Don Pesci: Conn. GOP losses will lead to more corruption

You don’t have to love me. I’m a porcupine
--Conn. Gov.  Dannel Malloy
VERNON, Conn.
There are two ways to lose an argument: by not saying enough or by saying too much. Likewise, there are two ways to lose an election. The Republican nominee for Connecticut governor, Tom Foley, cannot be accused of having said too much in his attempt to wrest the gubernatorial office from Democratic Governor Malloy. Mr. Malloy, on the other hand, has never in his long political career said too little.
Mr. Malloy’s second gubernatorial campaign and President Obama’s second presidential campaign were remarkably similar. Of the two, fortune -- as well as lots of money, a great  ground game, sharper demagoguery, a media used to genuflecting before incumbents and a progressive ideology that has not yet wearied the general public in Connecticut – smiled broadly on Mr. Malloy, while baring its teeth towards Mr. Obama. National progressives lost the Senate and sent Joni Ernst to the chamber where she will no doubt “make the pigs squeal.”
The headline on the Drudge Report early the morning after was celebratory: “REPUBLICANS TAKE CONGRESS +7 +8? +9? SENATE, THE DEM DISASTER.”
In South Carolina, Tim Scott was appointed by Governor Nikki Haley to the U.S. Senate after Republican Jim DeMint resigned to join the Heritage Foundation. Now returned to the Senate, Mr. Scott is the first black candidate to win a race in South Carolina since just after the Civil War and the first African-American senator from the South since Reconstruction.
Governor Haley more than a year ago warmly embraced PTR, formerly a Bristol, Conn.-based semi-automatic weapons manufacturer fleeing Mr. Malloy’s thrown quills. Malloy said, following the Sandy Hook Elementary School mass murder that gun manufacturers want “to sell as many guns to as many people as possible—even if they are deranged, even if they are mentally ill, even if they have a criminal background. They don’t care. They want to sell guns.” Sturm Ruger, of Southport Conn.,  had at the same time begun t expanding its business in Mayodan, bringing 500 new jobs to North Carolina over the next five years.
 
Both Mr. Obama and Mr. Malloy are progressive politicians, which is to say both tend to yield to autocratic leftist impulses. To put it another way, progressives, as a rule, do not fancy trickle-up democracy. In Mr. Obama’s case, the chief executive, faced with a legislature one house of which was dominated by the opposition party, simply misused the constitutional prerogatives of his office to redraft legislation by choosing which portions of bills passed into law he would or would not execute.
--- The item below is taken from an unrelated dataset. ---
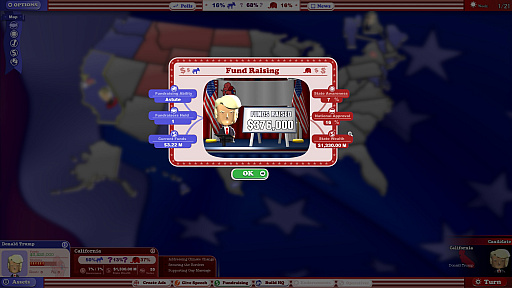 トランプとヒラリーの戦いを通して アメリカの現在が見えてくる The Political Machine 16 でサクッと学ぶアメリカ大統領選挙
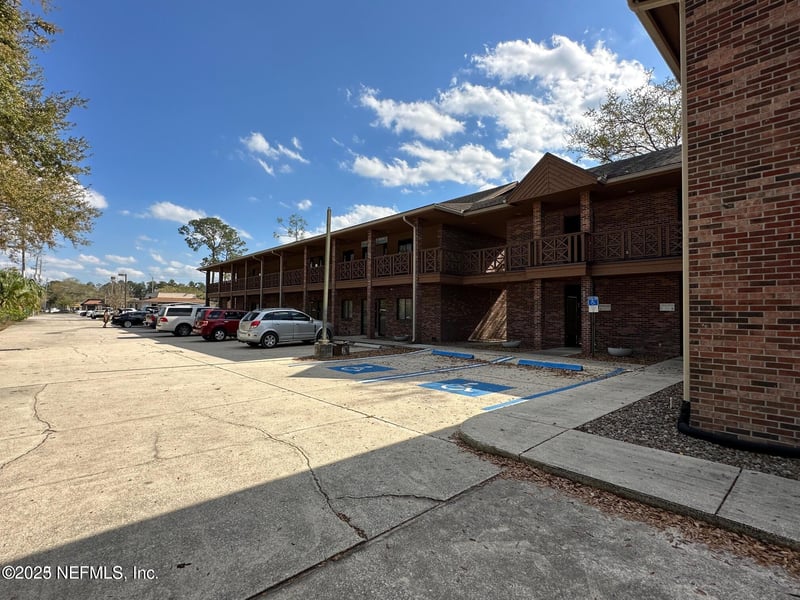 9776 San Jose Blvd #12, Jacksonville, FL 32257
Mr. Malloy does not have this problem, both houses of Connecticut’s General Assembly having been dominated for decades by members of his own party. Under the Malloy administration, Connecticut has what might be termed unitary party problems.
In a governing system in which power is shared between the two major parties, political corruption is more easily rooted out. In a tripartite system in which the balance of power is evenly distributed between the three departments of government – the executive, the legislative and the judiciary – corruption is more visible because there are more competitive eyes on the ground to report such indelicate corrupt activities that political flesh is heir to.
A legislative branch in which both parties share power is more keenly aware of corruption and more ethically ordered. Disclosure is the most formidable enemy of corruption, and disclosure is more likely in a legislature in which power and authority is shared between the parties. In a political system in which the legislative and executive power is vested in a single party, corruption – politically defined as non-democratic, authoritarian governance – tends to become the well hidden rule rather than the exception.
In Connecticut, where Democrats once again have swept the boards, back room deals, questionable elections, opacity in government and the arrogance of unchecked power – Mr. Malloy is expert in throwing his quills at those who presume to question him – will be the rule for the next few years. Connecticut’s  congressional Delegation, all Democrats, will be returning to a Congress masterfully captured by Republicans. The raucous voices of Connecticut’s two U.S. senators and their influence over congressional events will be muted for the last two years of Mr. Obama’s lame-duck presidency; the media influence on the Malloy administration will be similarly ineffectual. The few contrarians in the state’s largely pro-status quo Media conglomerate -- those few, that brave band of brothers – had better be on the lookout for the sharp quills.